Print nothing but the lines below starting at the line that holds "Apple iPhone 15" and ending at the line that holds "1978 programme St.", including both, each exactly as written.

* **EXERCISE MATERIAL**:

►

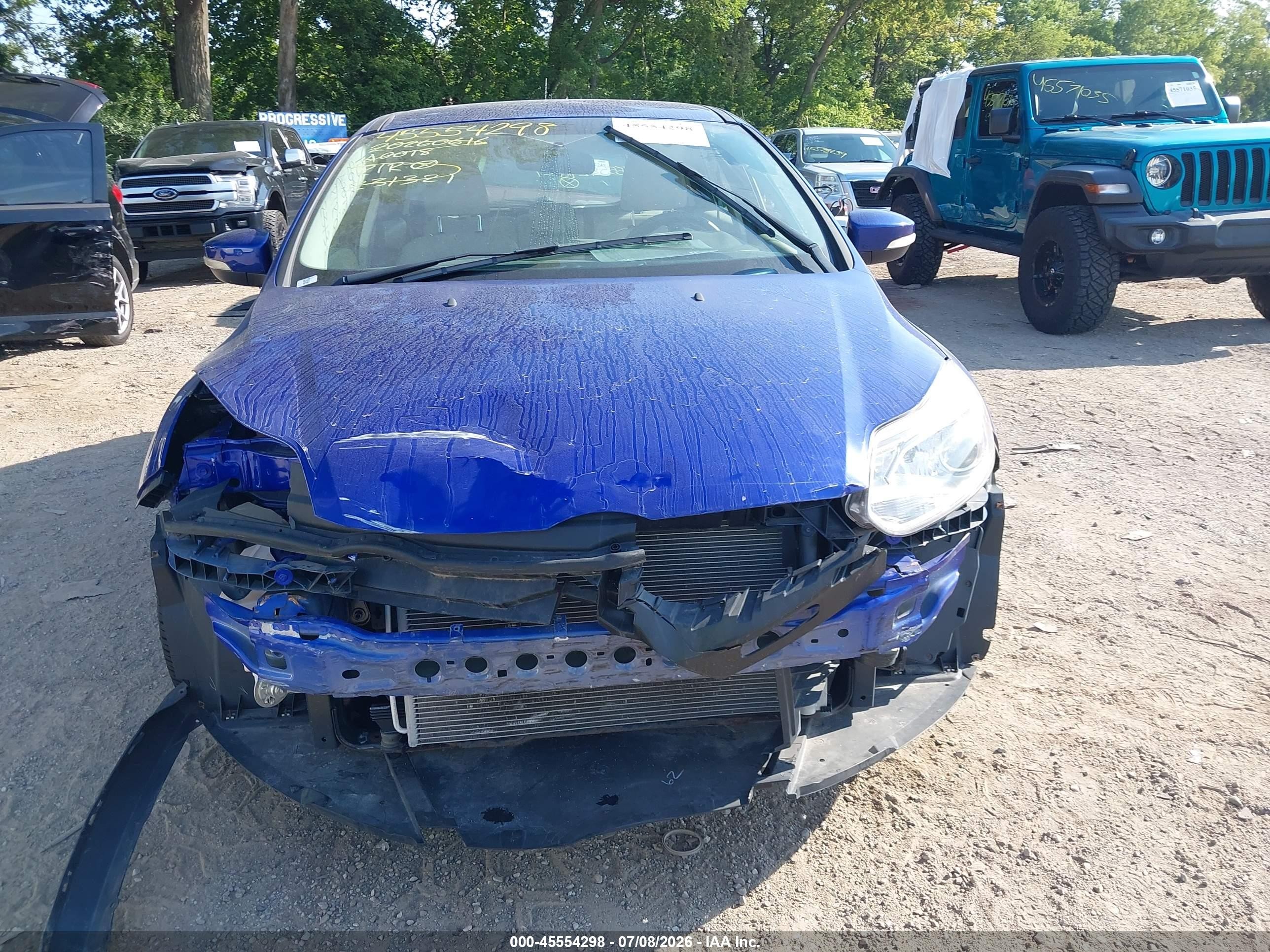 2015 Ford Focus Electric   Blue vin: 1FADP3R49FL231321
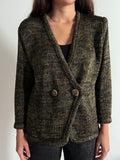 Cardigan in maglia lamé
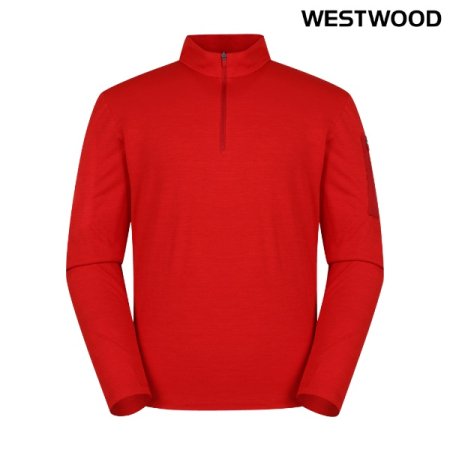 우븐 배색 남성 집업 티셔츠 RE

◄
►

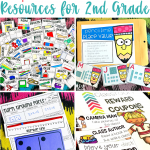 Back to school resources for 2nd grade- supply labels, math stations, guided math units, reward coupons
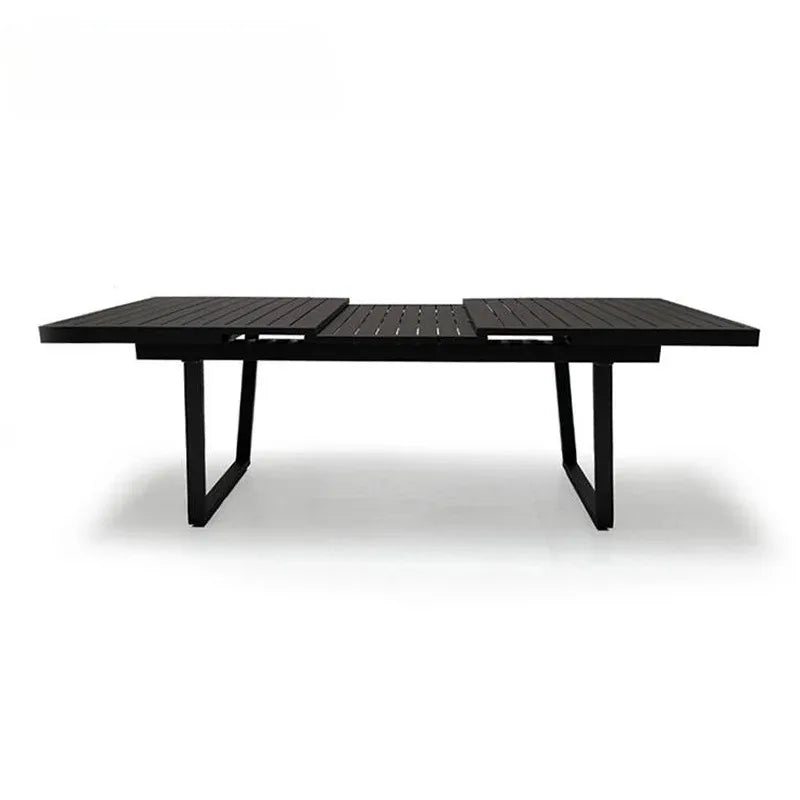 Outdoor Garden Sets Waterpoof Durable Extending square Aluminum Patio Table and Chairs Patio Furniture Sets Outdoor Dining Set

◄
►

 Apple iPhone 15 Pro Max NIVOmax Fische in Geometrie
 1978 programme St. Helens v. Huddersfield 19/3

◄

* **RESULT**:
 Apple iPhone 15 Pro Max NIVOmax Fische in Geometrie
 1978 programme St. Helens v. Huddersfield 19/3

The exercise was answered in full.